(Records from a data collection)

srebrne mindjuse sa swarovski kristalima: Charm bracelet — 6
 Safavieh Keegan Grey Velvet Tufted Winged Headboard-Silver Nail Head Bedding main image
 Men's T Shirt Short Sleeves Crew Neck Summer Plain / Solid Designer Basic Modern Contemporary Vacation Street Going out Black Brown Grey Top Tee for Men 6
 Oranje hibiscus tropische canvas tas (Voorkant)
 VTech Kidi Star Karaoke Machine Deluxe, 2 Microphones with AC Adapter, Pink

▸ What needs to be done: Your answer should hold exactly the lines from the one containing "Safavieh Keegan Grey" to the last line of the data, both included, and no others.

▸ Answer box:
 Safavieh Keegan Grey Velvet Tufted Winged Headboard-Silver Nail Head Bedding main image
 Men's T Shirt Short Sleeves Crew Neck Summer Plain / Solid Designer Basic Modern Contemporary Vacation Street Going out Black Brown Grey Top Tee for Men 6
 Oranje hibiscus tropische canvas tas (Voorkant)
 VTech Kidi Star Karaoke Machine Deluxe, 2 Microphones with AC Adapter, Pink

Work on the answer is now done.